The red meat processor believes the US’s decision on Tuesday to withdraw from the Trans Pacific Partnership Agreement (TPPA) will provide more opportunity for Queensland agricultural businesses in Asia.
“We see the change of dynamic in the TPPA as a potential opportunity of us,” Mr Gleeson said.
“Our tariffs are potentially continuing to go down and the US, which is one of our major competitors, are going to be back at 38.5 per cent tariffs.
“You have to spread your eggs around, you can’t have them all in one basket.
“If there is a hiccup like we’ve seen with the TPPA then you have to be able to spread your risk.”

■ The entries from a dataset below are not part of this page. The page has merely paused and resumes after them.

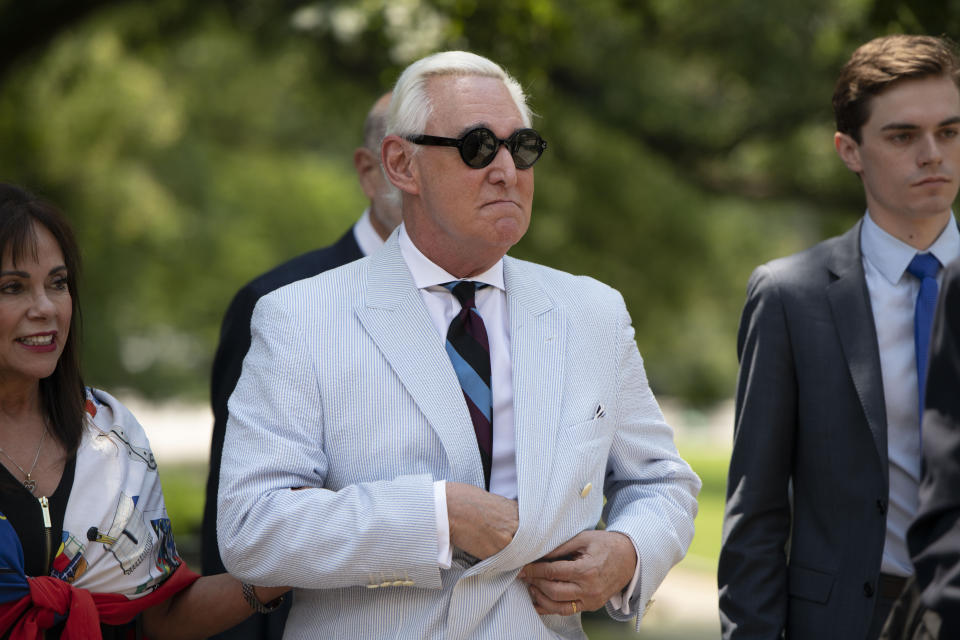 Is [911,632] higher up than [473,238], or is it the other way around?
[473,238]

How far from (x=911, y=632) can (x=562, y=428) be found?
957 millimetres

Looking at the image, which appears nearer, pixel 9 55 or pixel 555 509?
pixel 555 509

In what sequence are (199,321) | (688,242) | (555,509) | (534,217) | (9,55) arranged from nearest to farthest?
(555,509)
(9,55)
(534,217)
(688,242)
(199,321)

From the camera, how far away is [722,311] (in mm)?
16016

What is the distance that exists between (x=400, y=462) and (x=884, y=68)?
1887 millimetres

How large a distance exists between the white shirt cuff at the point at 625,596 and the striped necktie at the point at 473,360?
42 cm

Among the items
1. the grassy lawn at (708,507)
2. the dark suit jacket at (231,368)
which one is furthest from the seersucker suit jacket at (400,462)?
the grassy lawn at (708,507)

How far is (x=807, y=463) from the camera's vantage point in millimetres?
3434

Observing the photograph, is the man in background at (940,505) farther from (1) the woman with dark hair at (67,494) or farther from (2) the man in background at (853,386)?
(1) the woman with dark hair at (67,494)

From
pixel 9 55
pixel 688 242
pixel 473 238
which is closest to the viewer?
pixel 473 238

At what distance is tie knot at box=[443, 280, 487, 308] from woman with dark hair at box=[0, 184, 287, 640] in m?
0.88

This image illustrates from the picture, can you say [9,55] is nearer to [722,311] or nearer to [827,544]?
[827,544]

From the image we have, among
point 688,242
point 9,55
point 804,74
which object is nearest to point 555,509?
point 9,55

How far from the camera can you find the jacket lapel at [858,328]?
329cm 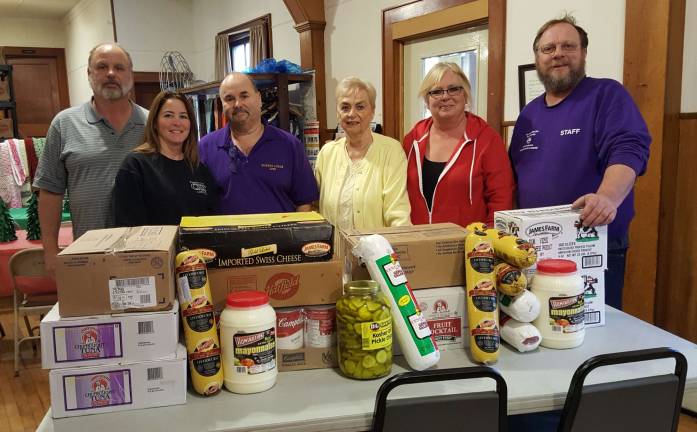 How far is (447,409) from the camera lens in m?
1.06

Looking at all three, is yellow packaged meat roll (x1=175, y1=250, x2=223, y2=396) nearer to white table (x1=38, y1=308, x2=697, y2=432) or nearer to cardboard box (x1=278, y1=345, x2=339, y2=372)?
white table (x1=38, y1=308, x2=697, y2=432)

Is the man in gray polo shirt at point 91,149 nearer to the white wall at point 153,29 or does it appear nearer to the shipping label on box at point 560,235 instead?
the shipping label on box at point 560,235

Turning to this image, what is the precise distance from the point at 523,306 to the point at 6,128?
217 inches

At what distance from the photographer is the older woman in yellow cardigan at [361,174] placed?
214cm

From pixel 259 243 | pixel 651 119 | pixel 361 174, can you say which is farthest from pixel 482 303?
pixel 651 119

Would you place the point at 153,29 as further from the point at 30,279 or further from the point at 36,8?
the point at 30,279

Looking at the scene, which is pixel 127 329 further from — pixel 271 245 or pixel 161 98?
pixel 161 98

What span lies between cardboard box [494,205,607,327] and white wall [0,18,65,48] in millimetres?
8931

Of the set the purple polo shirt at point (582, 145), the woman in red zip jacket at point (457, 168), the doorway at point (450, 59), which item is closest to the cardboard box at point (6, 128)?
the doorway at point (450, 59)

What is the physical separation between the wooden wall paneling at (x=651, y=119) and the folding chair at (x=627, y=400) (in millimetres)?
1460

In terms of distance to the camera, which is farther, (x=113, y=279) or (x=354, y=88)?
(x=354, y=88)

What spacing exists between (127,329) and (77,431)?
206mm

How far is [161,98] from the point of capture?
80.6 inches

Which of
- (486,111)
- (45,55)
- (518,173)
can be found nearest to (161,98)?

“I believe there will be far greater opportunities for Australian beef,” he said.
“There are still a few trade barriers into China, but we see great opportunity for chilled beef in that country,” Mr Gleeson said.
“We have a vision of changing our business to suit that China market and hit the top end of town, portion control, and shelf ready.
“That’s a change of business for us from traditionally being a commodity whole cut in a cart business.
“We see our beef being processed at Oakey on a Tuesday and placed on shelves in Shanghai by Friday.”
Mr Gleeson expects ongoing difficult operating conditions for the processor throughout 2017 due to restricted cattle numbers.
“It’s going to be tough getting the numbers of cattle this year and we forecast we won’t be at full production at any of our plants,” he said.
“We think there may be some cattle coming forward approaching the winter months because some livestock producers, not all of them, have received a good soaking and fat cattle should be coming from those areas.”